Il vescovo Domenico affida al Vangelo del giorno gli spunti per le conclusioni del’Incontro Pastorale 2018. «Gesù lascia la regione di Tiro e passando attraverso il territorio di Sidone va oltre il lago di Tiberiade, nel territorio della Decapoli. Si reca in zone pagane, ma fedele al suo mandato non fa il missionario in queste terre. Semplicemente le lambisce per far intendere che i suoi discepoli si rivolgeranno poi a tutti i popoli. Gesù è attorniato dai 12 e da alcune donne. E mentre cammina gli si fa incontro un sordomuto che è il simbolo di una grave menomazione. E’ impossibilitato ad ascoltare e quindi a comunicare. Dunque, è isolato. Gesù lo porta in disparte, lontano dalla folla e con le sue mani agisce su quel corpo: gli pone le dita negli orecchi, quasi per aprirli, per circonciderli e renderli capaci di ascolto; poi prende con le dita un po’ della propria saliva e gli tocca la lingua, quasi simulando un bacio, dove la saliva dell’uno si mescola con quella dell’altro. Questa gestualità manuale, e quasi primitiva, dice confidenza, vicinanza, risveglio dei sensi corporali. Gesù poi emette un gemito, guardando verso il cielo per dire la sua partecipazione e la sua invocazione della salvezza. Quindi, dice una parola forte: Effatà, cioè apriti!»

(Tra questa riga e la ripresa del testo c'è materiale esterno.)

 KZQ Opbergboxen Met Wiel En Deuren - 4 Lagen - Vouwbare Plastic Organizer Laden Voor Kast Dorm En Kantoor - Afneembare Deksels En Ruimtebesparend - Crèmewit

L’episodio del sordomuto apre a tante prospettive inquadrate nella due giorni appena conclusa. Tanti spunti che hanno permesso alle persone di comprendere che vale la pena sviluppare e aprire le situazioni chiuse, bloccate.
«Aprirsi all’altro, agli altri, a Dio si impara e Gesù ci fa capire che non bastano pensieri e sentimenti, non bastano parole, occorre l’incontro delle carni, dei corpi, per poter intravvedere una guarigione che va sempre oltre quella fisica e apre alla comunione».
«Dietro questo racconto c’è la conclusione del nostro Incontro pastorale sulla dimensione sociale del vangelo», conclude monsignor Pompili. Come spiegato nei loro interventi dal professor Stefano Zamagni e dal professor Lugino Bruni, entrambi insigni economisti, che hanno voluto aprire orizzonti nuovi verso i temi del lavoro e dello sviluppo.
S-viluppo appunto, con la s iniziale, a significare il contrario di viluppo, di avviluppamento e chiusura in se stessi senza osservare né aprirsi al mondo circostante, come sottolineato dal professor Zamagni.
«Come disse il saggista Enzo Bianchi – prosegue il vescovo – l’uomo è fatto di buchi, e se uno di questi si ottura, c’è sempre un problema. È per questo che occorre individuare il problema, e sbloccarsi».
«Dai due giorni di lavori abbiamo appreso che bisogna sviluppare le nostre capacità, le nostre relazioni, perché la capacità di noi cristiani è legata al superamento degli ostacoli che ci portano alla segregazione proprio come il sordomuto».